In the State of Chihuahua, Pascual Orozco, Jr., who had been Madero’s chief lieutenant in the anti-Diaz movement, headed a formidable insurrection against his former chief, and although he was defeated in the regular engagements, his forces broke up into small groups which gave infinite trouble to the government by their harassing guerilla tactics in a mountainous country.
In the State of Durango petty leaders or cabecillas, who had supported Madero, now turned their arms against him, asserting that the promises of the revolution of 1910 had remained unfulfilled.
To mention all the sporadic disorders in other states, in nearly every case started by former supporters of Señor Madero, would be an interminable task. Suffice it to say that, when Señor Madero ceased to represent the idea of rebellion, and came, as President, to represent the ideas of authority, law, and order, he found arrayed against him the very forces which he had brought into existence to combat and overthrow General Diaz. He found that he had his own revolution on his hands! Never was retribution more swift or striking.
It must be owned that Señor Madero, as President, started out with a sincere and honest endeavor to govern according to the Constitution. But seldom has a sorrier travesty of democracy been witnessed. Elections were followed by interminable recriminations, and charges and counter-charges of fraud and intimidation; sometimes, too, by the open revolt of the defeated candidates. Governors of states refused to make way for their duly elected successors, and barricading themselves with their followers in the executive mansion, defied the agents of the law to oust them. Other disappointed aspirants to office importuned President Madero, against the clear precepts of the law, to help them set aside electoral results. The Mexicans seem at present to lack that virtue which is the sine qua non in a democracy — the faculty of acquiescing in the will of the majority until the next election gives them another chance of obtaining a reversal of the popular verdict.
Then, some adherents of the former administration, who had looked apathetically on while the Diaz régime was tottering to its fall, took advantage of the unlimited liberty which President Madero afforded to the Mexican press, to found opposition newspapers, in which, day by day, his administration was violently assailed and the army was openly invited to repudiate the constituted government.
The administration of Señor Madero being an accomplished fact, patriotism, it should seem, ought to have dictated to enlightened Mexicans the duty of giving to that administration at least the support necessary to enable it to carry on the fundamental work of government.

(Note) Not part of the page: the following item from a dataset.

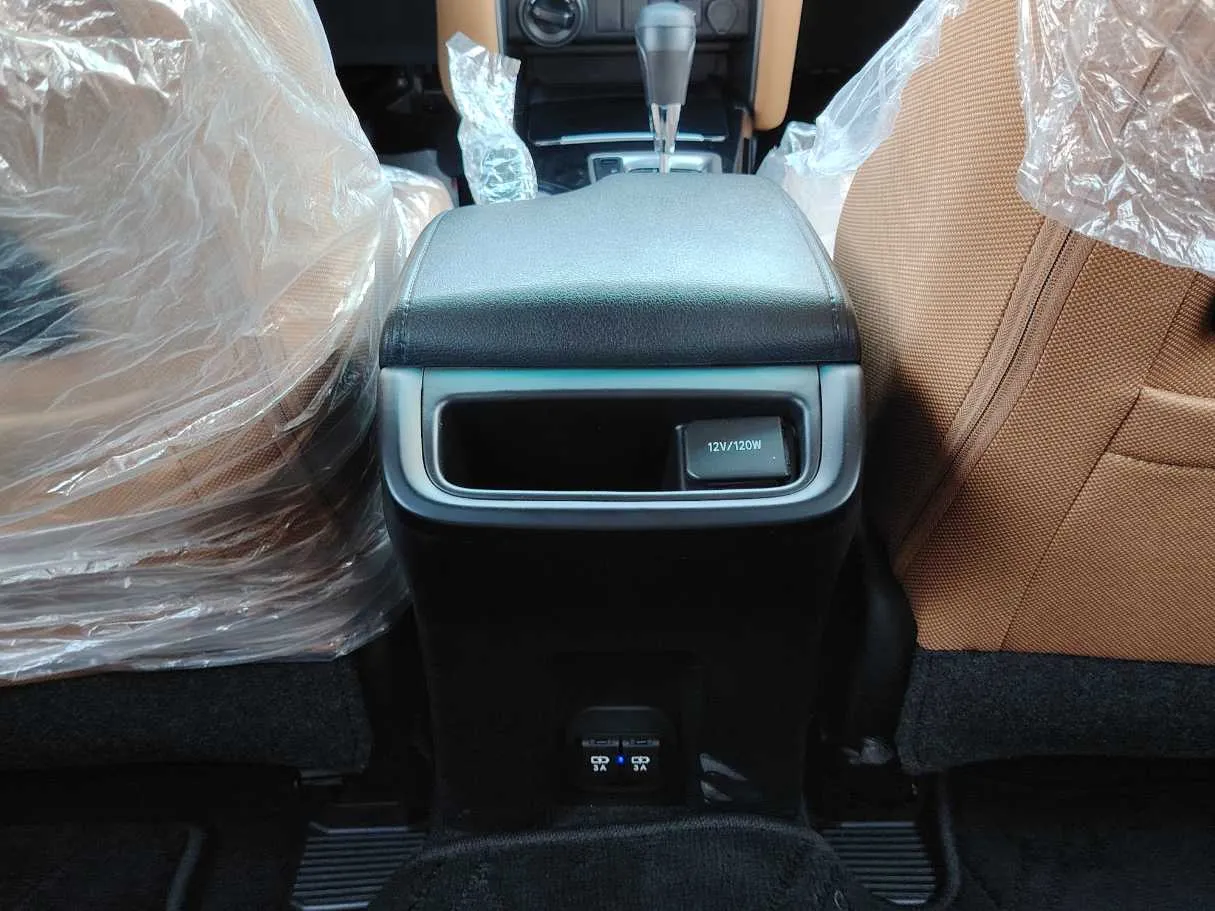 Car image 32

But opposition in Latin America knows little of this sacrifice of personal sentiments to the public good. The adversaries of President Madero aimed simply at rendering his position untenable and bringing about his downfall, regardless of consequences. They did not, apparently, reflect that a legally constituted government, however deficient, can seldom be overthrown by violent means, without bringing on the country evils greater than those which it is sought to remedy.
And when the deficiencies of Señor Madero’s government are mentioned, the question arises whether they are not largely another name for the difficulties thrown in his way by his enemies. He failed not so much because his administration was deficient as because the Mexican people were not prepared for the régime of ample liberty which he sought to give them.
Two military uprisings, properly so called, against the Madero government had preceded that of which Mexico City was the theatre last February.
One was started in the North of the Republic in December, 1911, by General Bernardo Reyes, former Governor of the State of Nuevo León, and Minister of War in General Diaz’s Cabinet from 1900 to 1902. But this movement was wholly abortive, and its leader, recognizing the utter collapse of his attempt, voluntarily surrendered to the government and was placed in confinement.
The other military insurrection occurred in October, 1912, at the port of Vera Cruz, and was headed by General Felix Diaz, a nephew of Porfirio Diaz. This second uprising was more formidable than the first, but it, too, failed. The city of Vera Cruz was recaptured by loyal forces and Felix Diaz was taken prisoner.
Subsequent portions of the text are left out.